Treasury Secretary Steven Mnuchin said Monday that he expects most states to start administering the extra benefit within a couple of weeks. The money will be retroactive to Aug. 1.
How long will the extra benefits last?
Trump allocated $44 billion to cover the additional $300 weekly benefit, using money from the Disaster Relief Fund, the government's primary source of funding.
The sweetened benefits will last until the money in the fund runs out, or until Dec. 6, 2020.
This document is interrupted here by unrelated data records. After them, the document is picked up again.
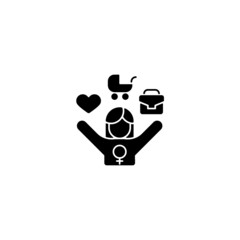 Work-life balance for female employee black glyph icon. Full-time working mom. Balancing job and family life. Double standard. Silhouette symbol on white space. Vector isolated illustration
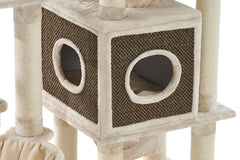 Weicher Kratzbaum GADI für Katzen mit würfelförmigem Unterschlupf und runden Eingängen in hellem Beige und braunen Akzenten.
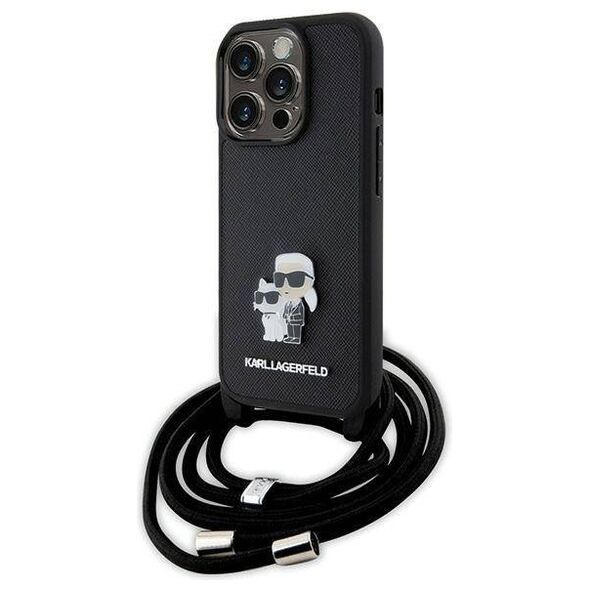 Original Case APPLE IPHONE 15 PRO Karl Lagerfeld Hardcase Crossbody Saffiano Metal Pin Karl & Choupette (KLHCP15LSAKCPSK) black 3666339165772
The federal government spent an average of $16.6 billion a week on the $600 benefit in the last four weeks of July, according to a Wall Street Journal analysis of Labor Department data. Reducing that benefit by half would be about $8.3 billion a week for a similar number of claimants. That would deplete the $44 billion in less than six weeks.
A Labor Department official confirmed the timeline to the Journal.
Who is eligible for the expanded aid?
Individuals who are receiving at least $100 in unemployment assistance through regular state programs or other aid programs like a shared-work program are eligible to receive the boosted benefits, according to the memo.
Who is not eligible?
Individuals who are not already receiving $100 in jobless won't be eligible for the extra benefit. Benefits are calculated based in part on a worker's former income, which could exclude low-earners.
How do I apply for unemployment insurance?
To apply for benefits, contact your state’s unemployment office. You can typically file your claim online, via phone or in person (although some offices are closed as a result of the virus).